Sunday, August 10, 2014

Drums, drums in the deep

You get back from a week at a conference and it looks like somebody just dropped a theory bomb all over the Fair 'n' Balanced Network. Let's enjoy a few not-quite-random selections from the day's top stories, interspersed with random commentary.

Like the human brain, the "media agenda" (and the political agenda, from which we kinda-sorta liberated the idea back in the early 1970s), has a limited carrying capacity. At Fox, it's pretty much four stories at a time. That adds up to a lot of discrete stories if you count all the bobbing and weaving that goes on through the course of a news day, and it gets more complicated when two agenda levels are happening at once. With the Graham story above, there's both issue salience -- Iraq, and specifically the ISIS insurgency, is the day's biggest story -- and attribute salience: basically, run! So life's not just scary, it's complicated.

Conveniently, there's a master frame to help organize things. The Kenyan has screwed things up again: 

South Carolina GOP Sen. Lindsey Graham sounded the alarm Sunday about the growing threat of Islamic State launching an attack on American soil unless President Obama takes more decisive action to stop the terror group’s surge across Iraq and Syria.

Graham, a member of the Senate Armed Services Committee, told “Fox News Sunday” that the well-funded, swiftly-strengthening organization, which has taken control of large parts of both Middle East countries, is a “direct threat to our homeland.”

“Mr. President, be honest with the threat we face,” Graham said. “They are coming.”

Pretty well cuts your cognitive workload in half, doesn't it? It's a story about the usurper's fecklessness, and it's a securitized story: we need to do something about this now, or else there won't be a "we" to do anything about it in the future. You really don't even have to notice that the morning's most important story isn't about something that happened to change your assessment of Iraq; it's about something somebody said.

Which helps you understand the No. 3 story this morning (actually cribbed from a story earlier in the week; note that the subject was "unavailable for comment Wednesday"). This one too has a master frame: Libruls R Hypocrites. And it also illuminates the routines that go into making a news story at Fox:

Labor Secretary-turned-college professor Robert Reich’s latest lectures on income inequality don't square with his $240,000 salary for teaching just one class, economists tell

Hold that thought.

Reich, who served in the Clinton White House and is now a professor of public policy at the University of California at Berkeley, took on the topic of “Work and Worth” in an Aug. 2 post on his blog. In it, he lamented that there is “little or no relationship” between what someone is paid and their actual worth to society, and he wrapped up his post by calling for student loans to be forgiven for graduates in fields like social work, nursing and teaching.

... But a professor who earns a one-percenter's income for a relatively easy workload has a tough time complaining about how unfair the economy is, according to some critics.

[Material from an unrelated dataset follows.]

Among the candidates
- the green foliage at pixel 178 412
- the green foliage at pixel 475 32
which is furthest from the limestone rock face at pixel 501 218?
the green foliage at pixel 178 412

Who might "economists" and "some critics" be? 

“It’s definitely hypocritical,” said Dan Mitchell of the Washington-based Cato Institute. (Quick, kids, see if you can guess what question from the intrepid Fox reporter he was answering!) “And not only does he earn that salary, but I’m sure he pulls in a lot of money from consulting and from giving speeches. But he’s obviously in the top 1 or 2 percent, so if he really thinks that society mismeasures these things, then why isn’t he giving some of his money away?”

You need another source for a story this big, so it's a good thing you can just call someone  on the Fox payroll:

... Peter Morici, a professor of business at the University of Maryland and a Fox News contributor, echoed Mitchell’s take, saying most people get paid what the market says they're worth.

“He’s just an ideologue, he’s not really an economist,” Morici told “He’s basically a social scientist. This is his belief to me; it’s not an analytic position.”

OK, somebody missed that first-semester lecture on what "social science" means in the adult world. And you have to admire the convenience; it's as if the NYT's Washington bureau was to call Maureen Dowd for a comment on whether Bush Jr. is fit for high society. But we've learned something important about how news is structured, which is going to come in handy for our last example, which reached the No. 2 position in early evening:

A heart-wrenching new video shows the teary-eyed young children of imprisoned American pastor Saeed Abedini in an impassioned appeal to President Obama for help in getting their father freed from an Iranian prison.

In other words, the Kenyan should never disgrace America by negotiating with terrorists, unless Fox thinks it's a good idea to negotiate with terrorists. Somebody should probably tell the teary-eyed young children that Fox's views on that matter can change pretty fast.

Anyway, that's how I spent what passes for summer vacation in these parts. Hope you had a good one too.